Southport’s beach will be lost forever it’s been revealed.
Council chiefs have told enquiring residents that the ugly looking grass taking over the south side of the beach will continue for years to come and they won’t do anything about it.
Council bosses also tried to claim it would help combat climate change.
In a letter to high profile Southport champion and estate agent Gavin McGuire, council bosses said ““The spread of the saltmarsh and accretion of land at Southport beach along the southern shore of the Ribble estuary is a natural process which has been progressing over thousands of years.”
“The land on the coast at Southport is currently naturally accreting and has been for a long time.

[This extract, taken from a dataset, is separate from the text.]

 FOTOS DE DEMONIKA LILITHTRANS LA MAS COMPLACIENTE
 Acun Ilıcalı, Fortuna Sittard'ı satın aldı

In 1900 the tide previously reached as far into the town centre as Nevill Street.”
“A number of factors – Climate change, increases in fertiliser, the end of dredging in the Ribble, rising sea levels and other factors – are all conspiring to make it easier for that salt marsh vegetation to spread.
“Having said that, the aforementioned saltmarsh is actually an invaluable coastal defence and this is something which has been understood for hundreds of years, dating back most recently to the Victorians, who were aware of its invaluable coastal properties.”
“Sand dunes are now forming in front of the accreting land between Ainsdale and Birkdale – part of the process that has been happening on this coast for 7,000 years, and they already harbour many of the scarce and rare species the Sefton coast is internationally famous for.”